Удивительно, но в Герцене стальное закаленное желание уничтожить российское государство сочетались с полной переменчивостью идеологических взглядов.
Под воздействием страшных сцен парижской бойни июня 1848 г., он поменял свои убеждения с либеральных западнических на социалистические, тоже западнические.
Русскую общину, о существовании которой Герцен узнал из труда Гакстхаузена «Этюды о России», он стал стал соединять с сен-симонистским фаланстером. Во взглядах Герцена на социализм было мало понимания реальностей русской общины, исторических и современных. С Герцена начинается любопытный футуристический квазипатриотизм, согласно которому можно использовать русских, «свежее девственное племя», как кирпичи для построения какой-нибудь социальной идиллии на благо всего человечества.
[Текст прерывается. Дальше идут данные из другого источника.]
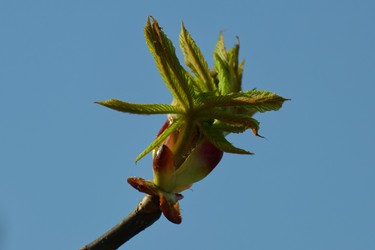 Similar image 22586835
Герцен разбудил не только Троцкого со товарищи, но и многих других строителей утопии на русской земле, включая гайдаровских мальчиков.
Переход Герцена к социалистической идеологии Достоевский оценивает не как истинное страдание за народ, а лишь как чрезвычайную отзывчивость к отвлеченным идеям, проистекающей из внутренней пустоты.
«Разумеется, Герцен должен был стать социалистом и именно как русский барин, то есть безо всякой нужды и цели, а из одного только «логического течения идей» и от сердечной пустоты на родине. Он отрекся от основ прежнего общества;. отрицал семейство и был, кажется, хорошим отцом и мужем. Отрицал собственность, а в ожидании успел устроить дела свои и с удовольствием ощущал за границей свою обеспеченность. Он заводил революции, и подстрекал к ним других, и в то же время любил комфорт и семейный покой…. Всегда, везде и во всю свою жизнь, он, прежде всего был gentil homme Russe et Citoyen du Monde (русский барин и гражданин мира), был попросту продукт прежнего крепостничества, которое он ненавидел и из которого произошел, не по отцу только, а именно через разрыв с родной землей и с ее идеалами.»
В Лондоне Герцен уже не был таким чувствительным, как в Париже; по поводу горестного положения ирландцев, пострадавших от английской «свободы», дипломатично молчал.
На британских островах появляется и бывший доцент московского университета Печорин, который принял католицизм и написал из идеалистических соображений:
Как сладостно отчизну ненавидеть,
И жадно ждать ее уничтоженья,
И в разрушении отчизны видеть
Всемирного денницы пробужденья.
Однако, в отличие от Герцена, Печорин был все-таки человеком с христианской совестью, поэтому пытался как-то помогать своим новым собратьям по вере, несчастным католикам-ирландцам.
А великое сердце Герцена (чья фамилия означает «сердечный») никогда не беспокоится по поводу тех вопросов, которые могут вызвать раздражение британских властей.